Entanglement: Embarrassingly-scalable graphs
by Keith Flanagan
16:00 (40 min) in CT 7.01
Graph data structures are often used for data integration tasks due to their flexibility and schemaless operation. Multiple datasets can be joined together by linking data items via graph edges. However, many existing data integration tools are tightly-coupled to a visualisation tool kit and therefore do not scale beyond a single machine. Such tools also often lack the ability to query data items in an ad-hoc fashion; nodes cannot be indexed arbitrarily. When building huge graphs, failures will occur. Whether the cause is hardware, software, or data format-related, we need the ability to 'unintegrate' as well as merge.

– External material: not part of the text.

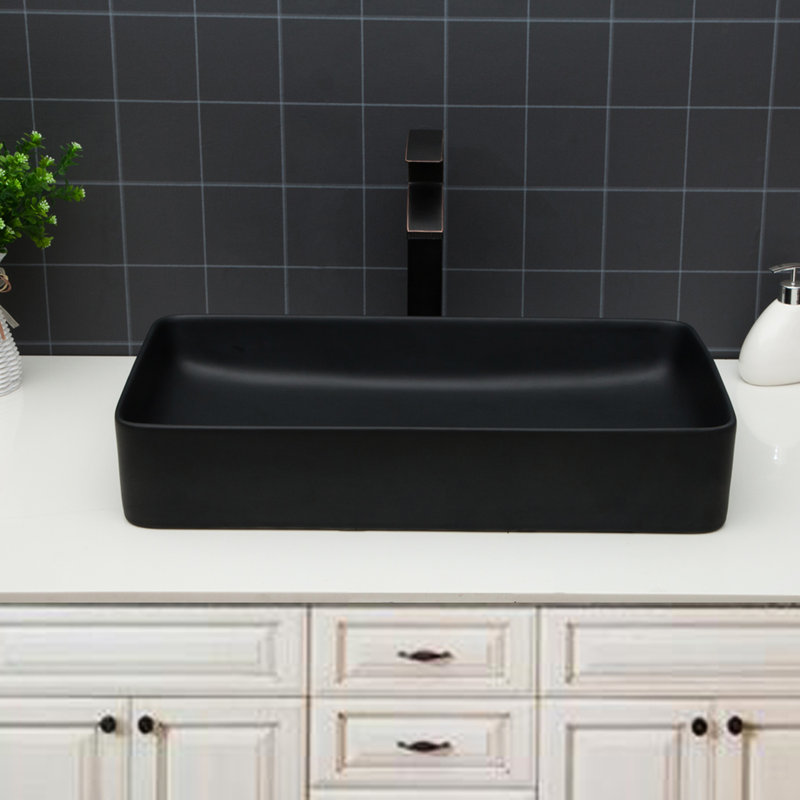 Lavabo de salle de bain vasque rectangulaire moderne en céramique noire 24 po x 13,5 po, facile à entretenir, à faible absorption, intérieur et extérieur, surface de comptoir à fixation sur une surface lisse, utilisation à l'extérieur, installation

Entanglement is a graph storage framework that builds on existing document data stores. It focuses on features and design patterns that are necessary for large-scale, graph-based data integration tasks:
- scalability - billions of indexed graph entities partitioned over a cluster of machines,
- provenance and version control - every change to every node/edge is incremental and tracked over time; errors and failures can be backed-out without impacting the rest of the graph,
- integration - datasets from different sources are placed in their own independent graphs; multiple user-defined views can then be composed by selecting which data sources to integrate,
- collaborative environment - multiple users or automated agents can share the same graph-browsing session through the use of distributed graph cursors and via command-driven Internet Relay Chat (IRC) sessions.